[[ SOURCE MATERIAL open ]]

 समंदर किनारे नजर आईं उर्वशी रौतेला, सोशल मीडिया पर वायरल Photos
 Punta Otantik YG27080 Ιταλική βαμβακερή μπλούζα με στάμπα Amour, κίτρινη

[[ SOURCE MATERIAL closed ]]
[[ SOURCE MATERIAL open ]]

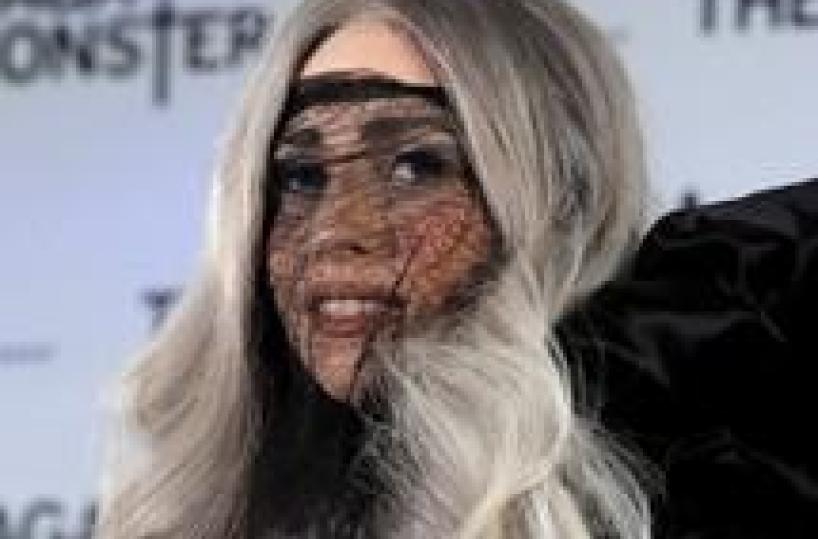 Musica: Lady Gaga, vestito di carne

[[ SOURCE MATERIAL closed ]]
[[ SOURCE MATERIAL open ]]

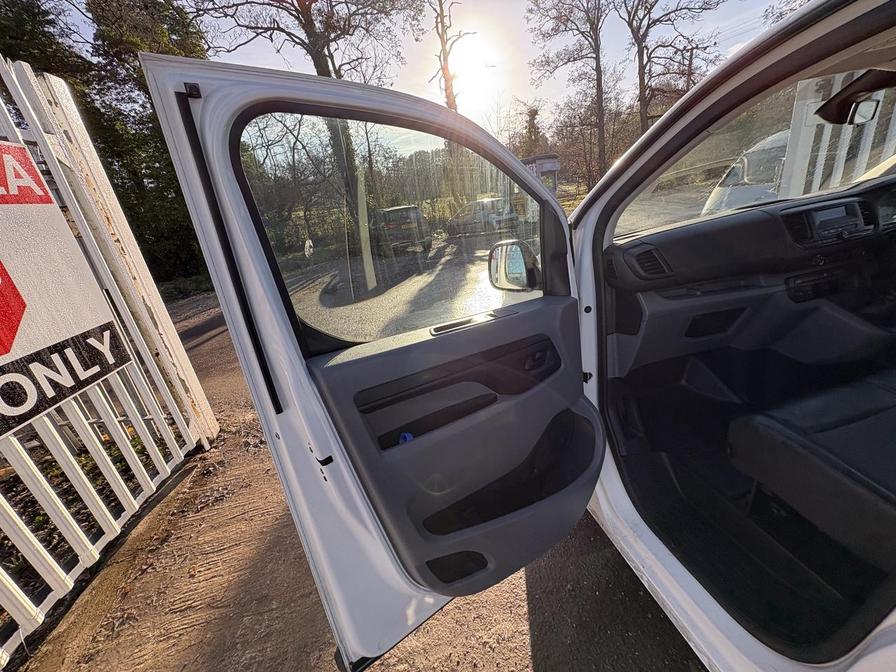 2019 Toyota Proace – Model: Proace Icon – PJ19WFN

[[ SOURCE MATERIAL closed ]]

> _AIM OF THE TASK_: Return only the lines between the one holding "समंदर किनारे नजर" and the one holding "Punta Otantik YG27080", inclusive, exactly as they appear above.

> _COMPLETED EXERCISE_:
 समंदर किनारे नजर आईं उर्वशी रौतेला, सोशल मीडिया पर वायरल Photos
 Punta Otantik YG27080 Ιταλική βαμβακερή μπλούζα με στάμπα Amour, κίτρινη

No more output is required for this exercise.